American jazz pianist

Linton Garner (March 25, 1915 in Greensboro, North Carolina - March 6, 2003 in Vancouver) was an American jazz pianist. He was the older brother of Erroll Garner.

==Biography==
As a youngster he was keener to play cornet than piano, but due to problems with his teeth, was forced to concentrate on the keyboard. From the age of 8 until 10 he had piano lessons, as did his three sisters (Martha, Ruth and Berniece), unlike his brother Erroll.

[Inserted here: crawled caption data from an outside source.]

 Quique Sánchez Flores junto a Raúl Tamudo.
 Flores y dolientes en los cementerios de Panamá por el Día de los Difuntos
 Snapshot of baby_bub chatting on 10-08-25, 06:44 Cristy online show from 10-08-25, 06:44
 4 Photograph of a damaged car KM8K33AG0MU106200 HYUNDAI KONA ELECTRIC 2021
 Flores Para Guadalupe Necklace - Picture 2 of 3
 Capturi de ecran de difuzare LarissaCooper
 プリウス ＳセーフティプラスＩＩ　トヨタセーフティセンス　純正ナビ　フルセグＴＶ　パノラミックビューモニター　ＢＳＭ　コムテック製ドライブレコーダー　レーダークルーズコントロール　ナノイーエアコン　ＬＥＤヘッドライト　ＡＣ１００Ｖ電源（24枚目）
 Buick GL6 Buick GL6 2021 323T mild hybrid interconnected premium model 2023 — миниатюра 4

He was arranger and pianist with Fletcher Henderson's band before the Second World War, then spent 1943 to 1946 in the army, where he played both piano and trumpet in different bands. Afterwards he was pianist and arranger for a number of distinguished bands including those of Billy Eckstine and Dizzy Gillespie. He also accompanied Sarah Vaughan, Nat King Cole, Carmen McRae and Della Reese. He also wrote songs, including "You're the One For Me."

He moved to Canada in 1963. In 1974, Arni May invited him to Vancouver to accompany him at the opening of the Richmond Inn Hotel. Linton stayed in Vancouver and worked in many venues. He was resident pianist for seven years at the Four Seasons Hotel. At the time, Garner wrote the piano theme for the 1977 Canadian drama movie Skip Tracer. In the 1990s he played at the Three Greenhorns in Vancouver. He also sang and played the piano in Rossini's restaurant in Kitsilano.

The Linton Garner Legacy Quartet, featuring drummer Don Fraser, bassist Russ Botten pianist Ron Johnston, pianist Miles Black continues to play Garner's music.

He died of kidney failure in Vancouver at the age of 87.